Table 1. Verification system for GOOSE subscription failure analysis

	①	②	③
Max(sec)	0.000175	0.004911	0.004953
Min(sec)	0.000001	0.000001	0.0
Ave(sec)	0.000043	0.000098	0.000071

Considering that the communication traffic transmission performance of the network system of “GOZAN” S/S is guaranteed in ‘ms’, over the average transmission time measured in Table 1, within the interval of 2ms as the first transmission (SeqNum = 1) after GOOSE event, the network transmission delay seems to be no problem. But, from the maximum transmission time, transmission delay between the network switch is going to approximately 5ms and the value is beyond 4ms, 2 times of the TAL. It does not satisfy the conditions of IED receiving the GOOSE and BUS IED can cause the failure notification of GOOSE subscription.

Fig. 9 shows one of transmission delay occurred in network system of the substation. Due to 3.3ms of switch delay, BUS IED received second GOOSE message out of TAL 2ms of first event GOOSE. “GOZAN” S/S was analyzed to have a failure of GOOSE subscription from IEDs such as BUS IED because of the transmission delay of GOOSE that occurred intermittently in the network system.

In order to solve this issue, when T/L IED generates second GOOSE, TAL value of the GOOSE was changed to 10ms from 2ms. It is possible for all IEDs to process GOOSE subscription from T/L IED enough regardless of the transmission delay measured above. Because the present KEPCO policy on GOOSE application is limited to not breaker trip but interlocking signals, this modification considering the delay time does not affect in the operation of the digital substation. In the future, we think that it is necessary to improve performance of the network system for process bus or tripping application of GOOSE.

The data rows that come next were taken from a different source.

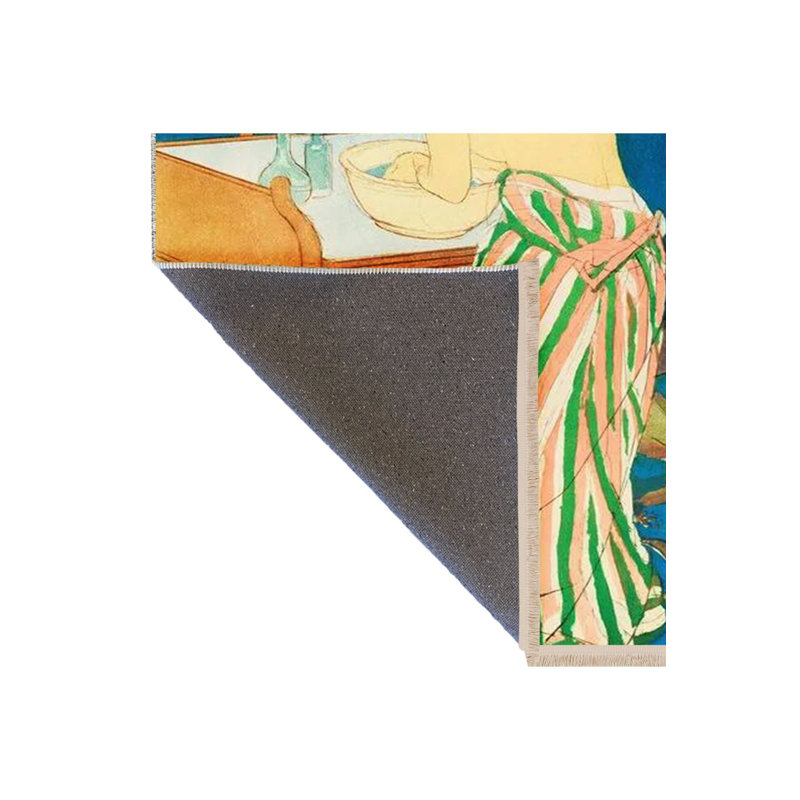 Tapis décoratif pour femme, Sous-tapis rectangulaire 5 pi 1 po x 7 pi 7 po inc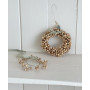 Petite couronne en perles de bois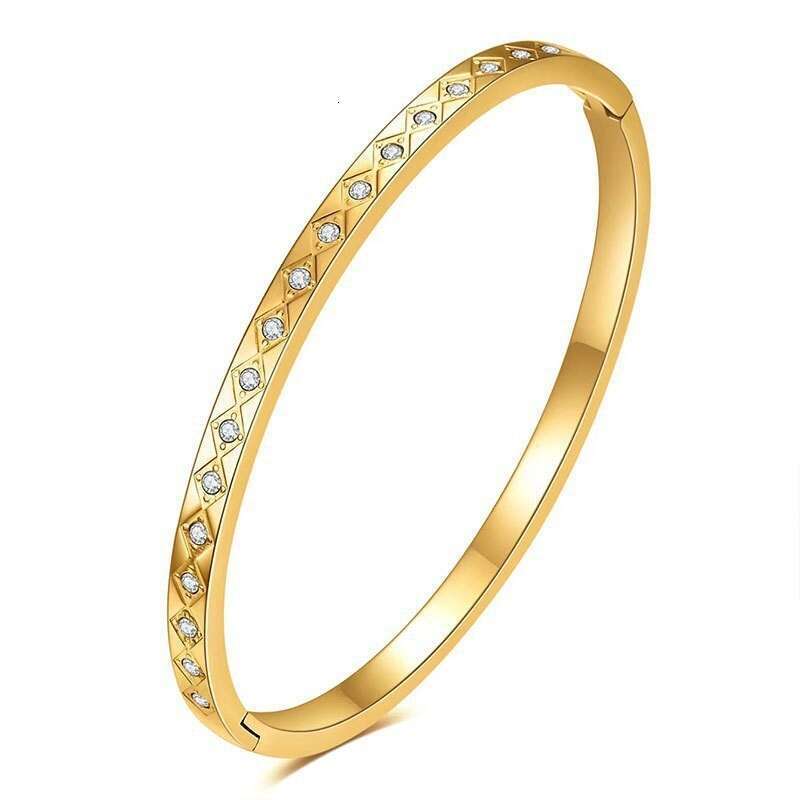 Titanium Fashion Starry Sky Women Round Full Dia Couple Stainless Steel Bracelet Jewelry
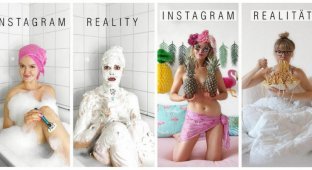 Креативная немка высмеивает гламурные фотографии из Instagram (25 фото)
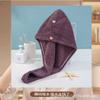 Gorro grueso de vellón coral de piña para secar el cabello, para lavar el cabello, envoltura para el cabello, secado rápido, para mujer, adulto, superabsorbente, grueso de doble capa, gorro de ducha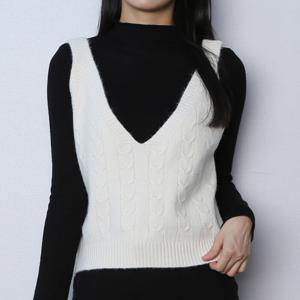 [브리치]  /    단독 여성용 스타일리시 니트 뷔스티에 조끼 7컬러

Fig. 9. GOOSE interval is increasing more than 2ms in the network switch of “GOZAN”S/S

4. Conclusion

When Power utilities introduce the IEC 61850 based SAS to the new system of the substation, the network system has been thought that there is no big problem. Therefore, we usually find the cause in the devices that make up the digital substation such as IED or HMI when a problem occurs in the digital substation. However, in this study, the network performance of the digital substation sometimes can affect the operation of the substation and a need for a method that can verify and correct them, was confirmed. In particular, because GOOSE features a fast, repetitive transmission unlike MMS, verification system and solution presented by this paper are expected to be very useful in positions of power utilities that want to introduce digital substation. Through the results of this on-site lesson, KEPCO plans to develop a device that can constantly monitor network traffic such as GOOSE and communication systems of the digital substation and install it on-site to ensure reliable operation of digital substation.